[YOUR TASK] Although the listing below holds pictures, reproduce only its lines from the one containing "3 bedroom apartment for rent" through the last, exactly and without them.

[RECORDS SHOWN]

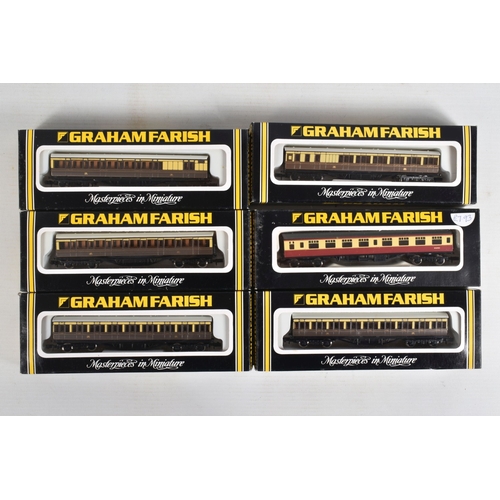 238 - A QUANTITY OF BOXED GRAHAM FARISH N GAUGE G.W.R. MODELS RAILWAY ITEMS, Hall class locomotive and ten... 
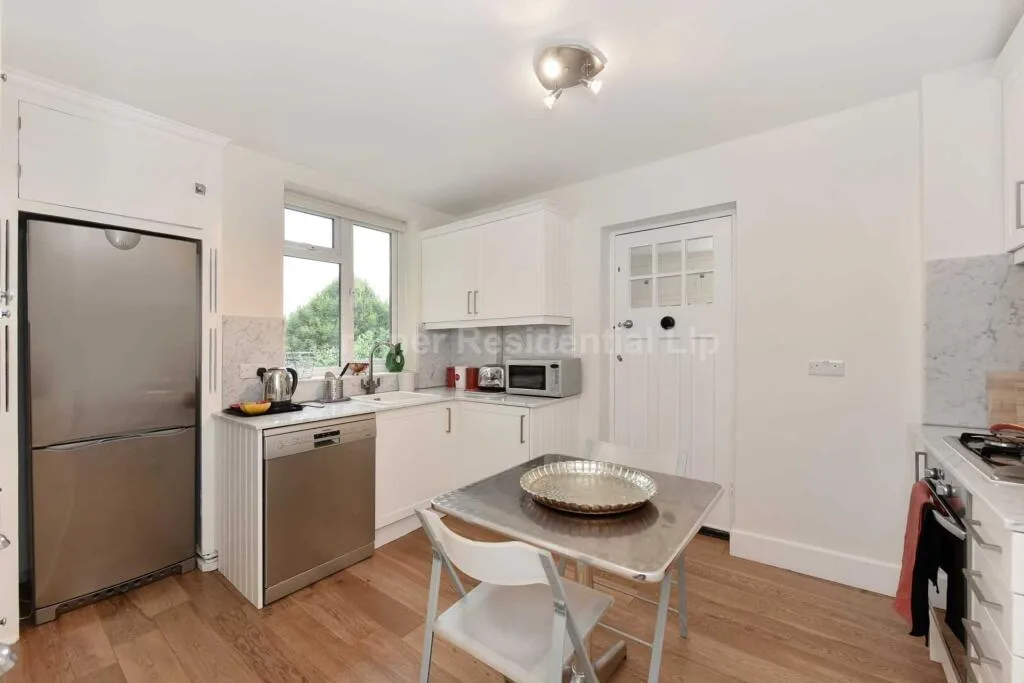 3 bedroom apartment for rent
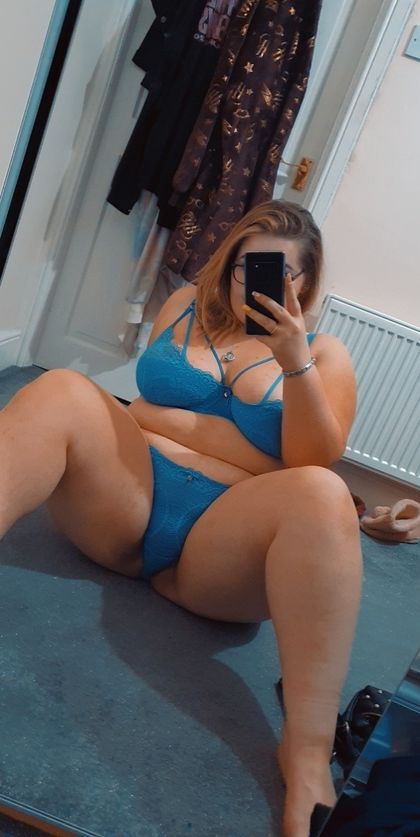 sexycurvygirl98 OnlyFans picture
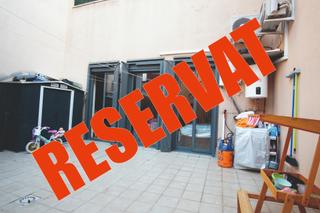 Pis  Carrer de la mare eterna. Bajos en finca joven 112, m2, amplio salon 3 dormitorios, 2 baño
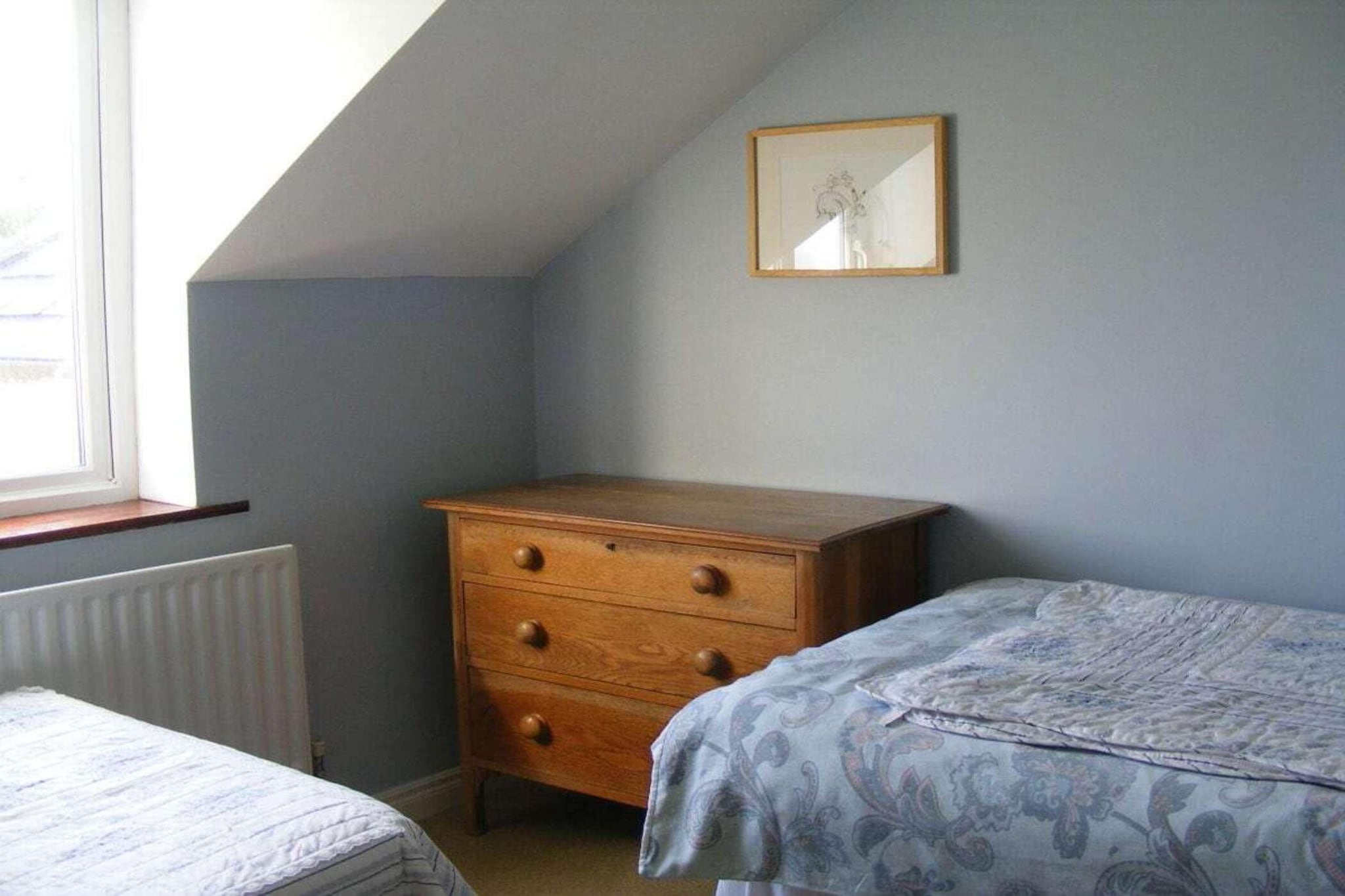242833-Bedroom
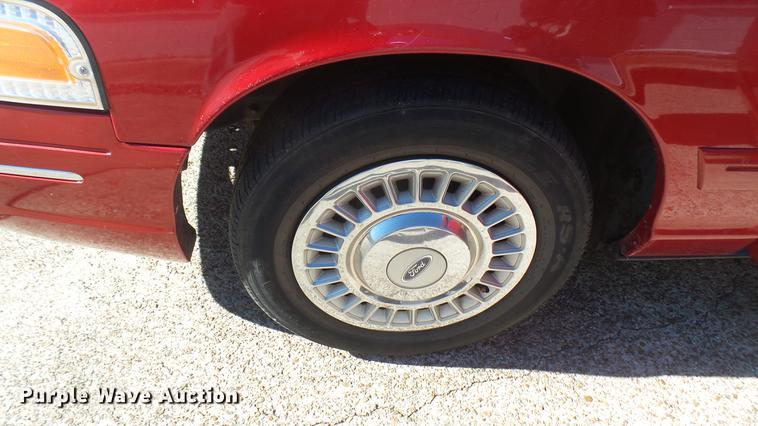 image for item DX9949 2000 Ford Crown Victoria Police Interceptor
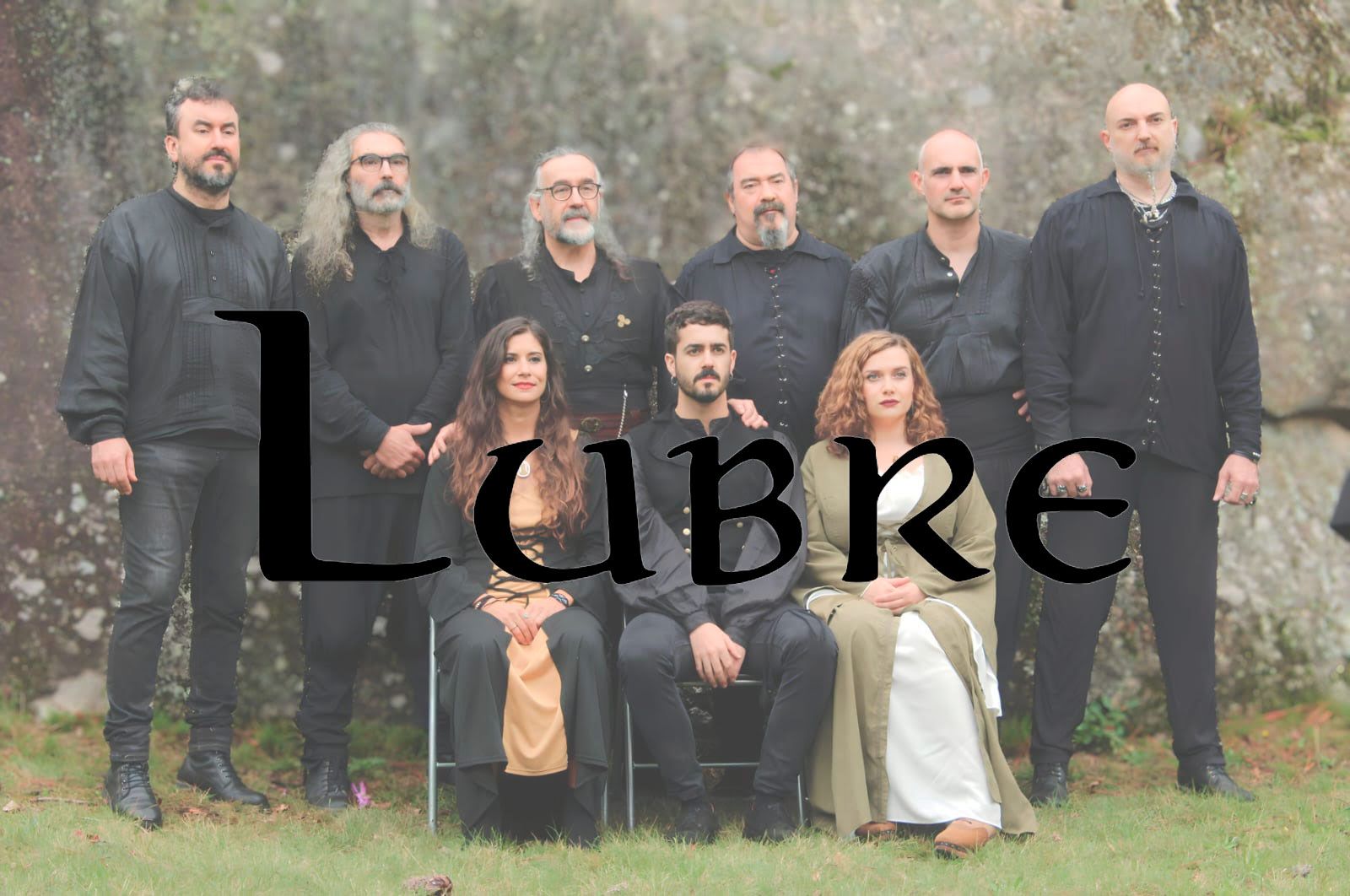A palabra 'lubre', á fronte, coa tipografía oficial do grupo musical. Detrás, os compoñentes da propia agrupación 'Luar na lubre'.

[YOUR RESPONSE]
 3 bedroom apartment for rent
 sexycurvygirl98 OnlyFans picture
 Pis  Carrer de la mare eterna. Bajos en finca joven 112, m2, amplio salon 3 dormitorios, 2 baño
242833-Bedroom
 image for item DX9949 2000 Ford Crown Victoria Police Interceptor
A palabra 'lubre', á fronte, coa tipografía oficial do grupo musical. Detrás, os compoñentes da propia agrupación 'Luar na lubre'.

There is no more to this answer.